The Internet Bride
January 9th 2010 03:39
Would you marry someone you had never actually met? In the flesh, that is. I am pretty darn sure I wouldn’t even if I was somehow swept off my feet, as the saying goes, by some constant online dating flirting.
But I am not everyone and two Americans found a really good use of Skype’s video conferencing utility last weekend and used it as a means to get married. US Air Force Captain Matt Howard, 44, is stationed in Afghanistan. Lanessa Lawrence is 35 and lives in the US and both of them celebrated their wedding separately last week - he surrounded by friends from his unit at Bagram and she in her small home study with her new in-laws and a bottle of champagne.
Stranger than actually getting married on line though is that the whole history of their relationship – all three months of it – has been conducted on line. They met through Match.com and clicked and continued to “meet” on line thanks to Skype and its video conferencing facility. In fact, since they met in September, they have clocked up 800 video conferencing hours. It gives new meaning to the term “long distance relationship”. In Howard’s words, he’s never held her hand, kissed her or been in the same room and they will be married for three months before he does. The couple plan to meet in person in April.

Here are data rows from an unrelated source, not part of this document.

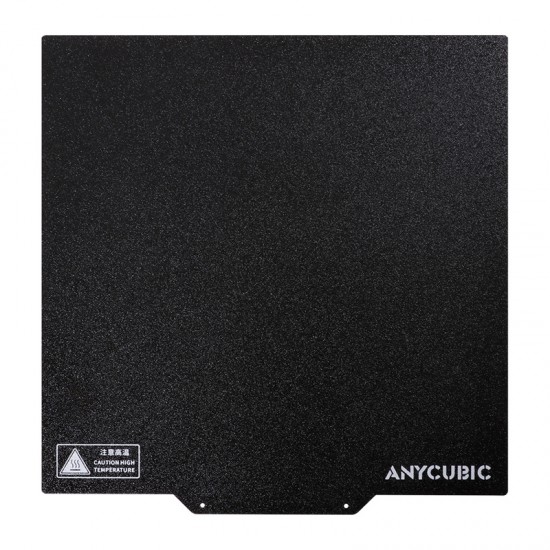Πλάκα PEI της Anycubic για το Kobra 2 Neo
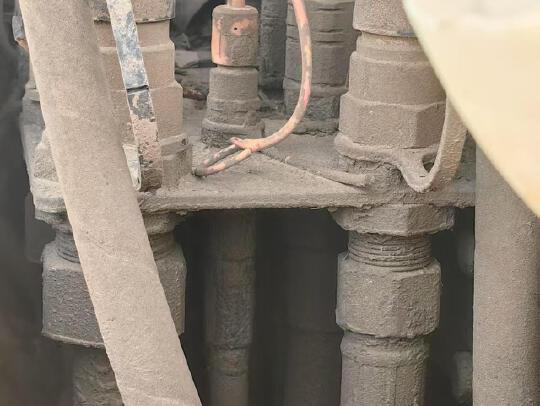 徐工QAY500全路面汽車起重機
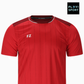 T-SHIRT FZ FORZA CL2603 MEN S/S TEE RED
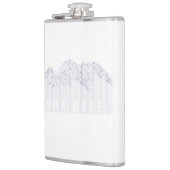 Hike More Mountains Heupfles (Links)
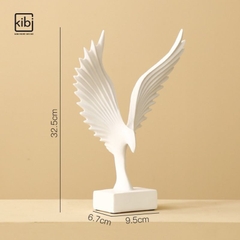DÉCOR ĐÔI CÁNH CHIM ƯNG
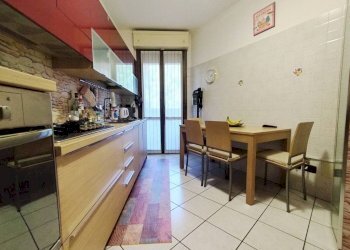 Cucina - Three-room apartment via Montrasi, Bollate - photo 15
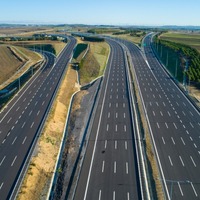 Mersin Antalya arası kaç km?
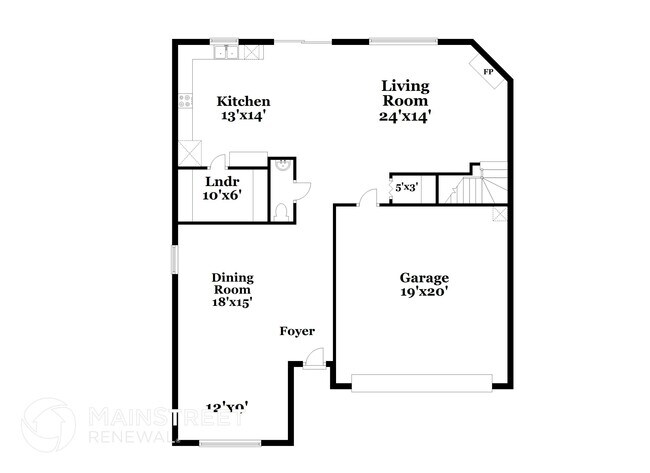 4317 Larkhaven Village Dr in Charlotte, NC - Building Photo - Building Photo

Internet relationships aren’t all that unusual these days and as time goes on the trend towards finding a mate on line is getting more popular each year even if there is still a noisy minority who condemn the practice. It may be a lot easier for people to lie or bend the truth online but this has been known to happen in face-to-face relationships too.
The danger element is also one that is often bandied about by skeptics too and no-one could really say that internet dating is entirely risk free. At the same time, face-to-face meeting is not entirely risk averse either. Meeting someone at a pub or a social event and agreeing to see them again is hardly 100 per cent foolproof.
In 2007, Online Dating Magazine, estimated that at least 20 million people visit at least one online dating service a month and that more than 120,000 marriages a year were the result of online dating. Most of us would know someone who has turned an online relationship into a serious personal one. I certainly know of a few that have turned into marriages.
Even with my open mind about the whole thing, I find it difficult to imagine marrying anyone before I had actually met them. An internet relationship may be one thing but I would really want to see a future partner in real life before committing to a life with them.
Of course, there are a few other benefits in taking the plunge this way. Their story made it to the front page – and even that of a mainstream Australian one. In a world where getting noticed has almost become an obsession, a story such as this one was bound to get them a lot of attention. And there is also the element of "saving the best till last". You never know they may just have started a new marriage trend.